Please retype the data in full and exactly; the pictures are not part of the copy.

**Supplied material:**
((
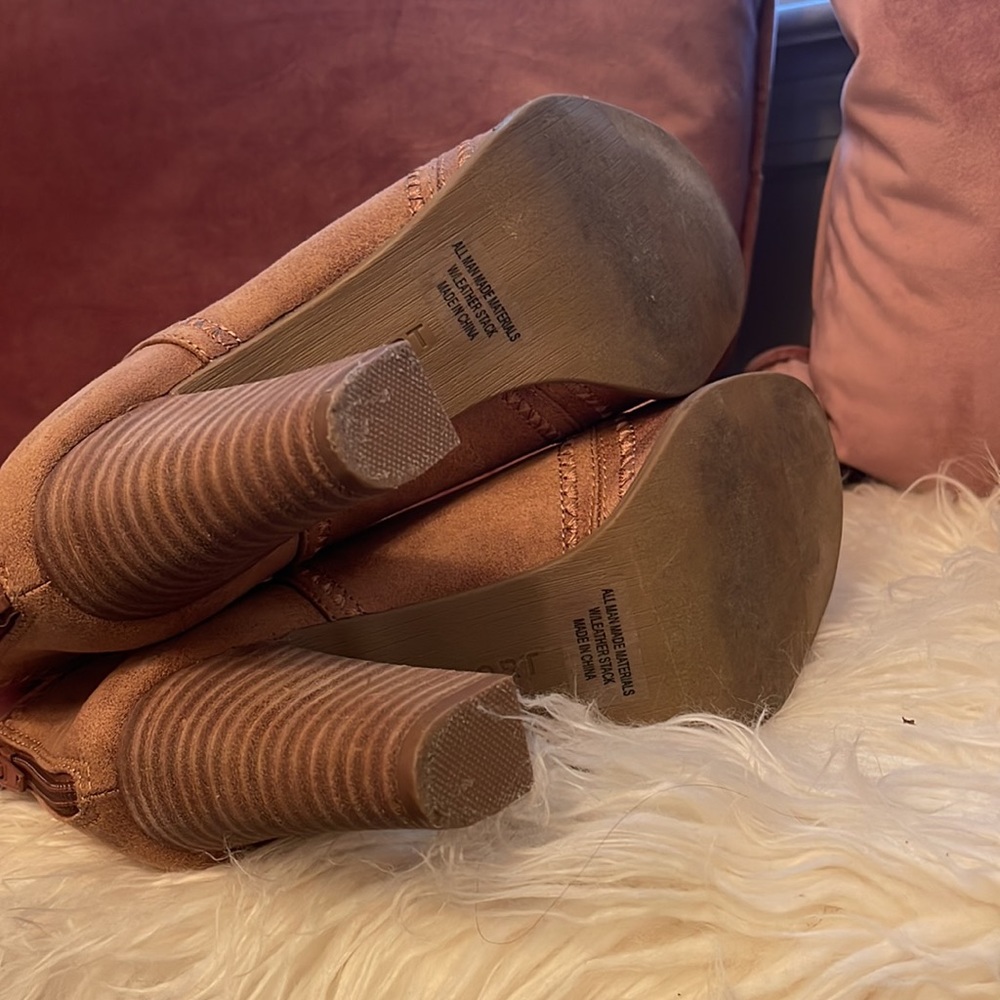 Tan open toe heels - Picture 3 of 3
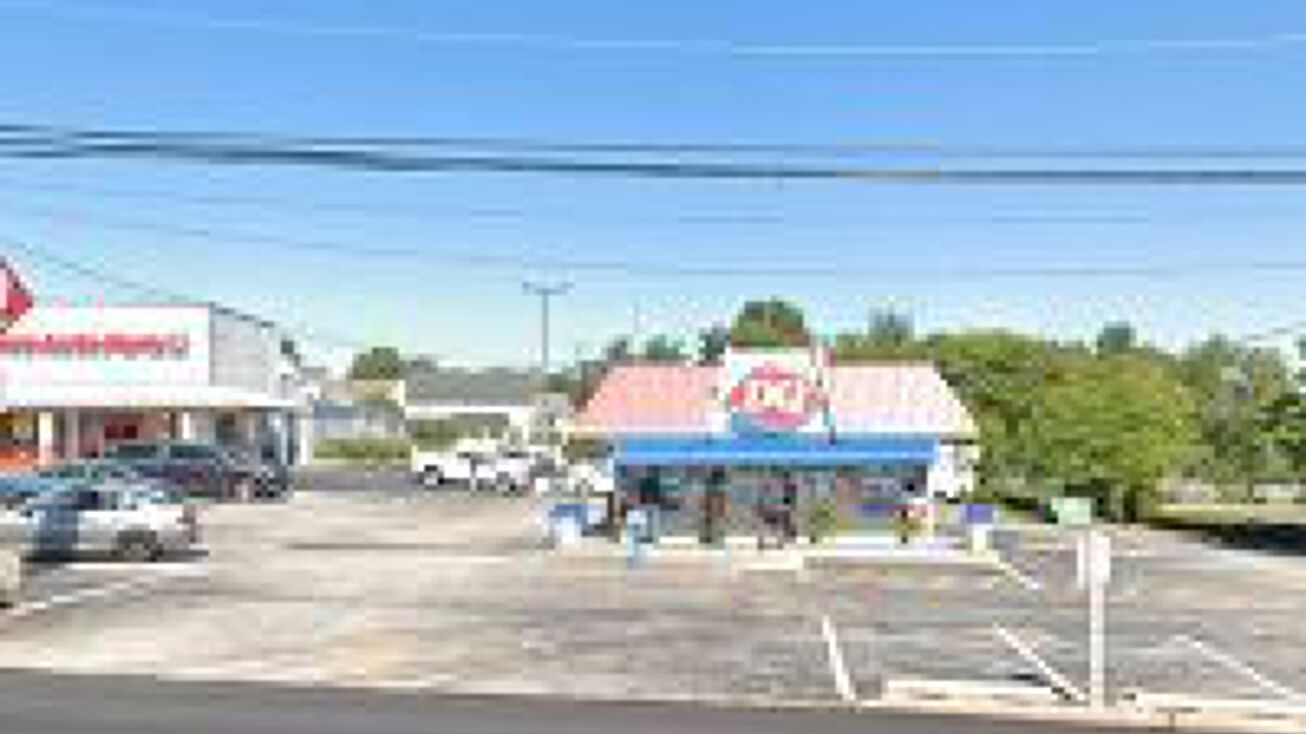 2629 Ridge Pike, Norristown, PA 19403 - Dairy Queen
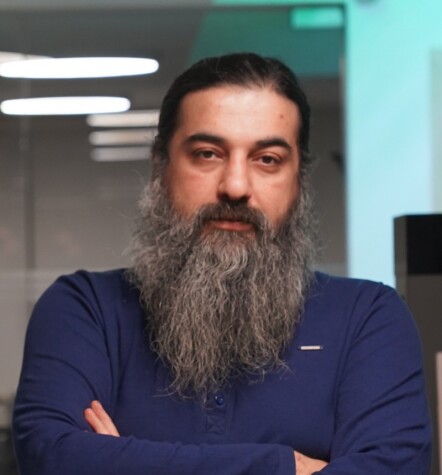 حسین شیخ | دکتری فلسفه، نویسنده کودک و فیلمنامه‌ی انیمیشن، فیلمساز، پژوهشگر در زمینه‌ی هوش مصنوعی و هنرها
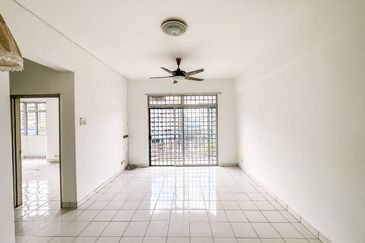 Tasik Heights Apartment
))
**Output of the task:**
 Tan open toe heels - Picture 3 of 3
 2629 Ridge Pike, Norristown, PA 19403 - Dairy Queen
 حسین شیخ | دکتری فلسفه، نویسنده کودک و فیلمنامه‌ی انیمیشن، فیلمساز، پژوهشگر در زمینه‌ی هوش مصنوعی و هنرها
 Tasik Heights Apartment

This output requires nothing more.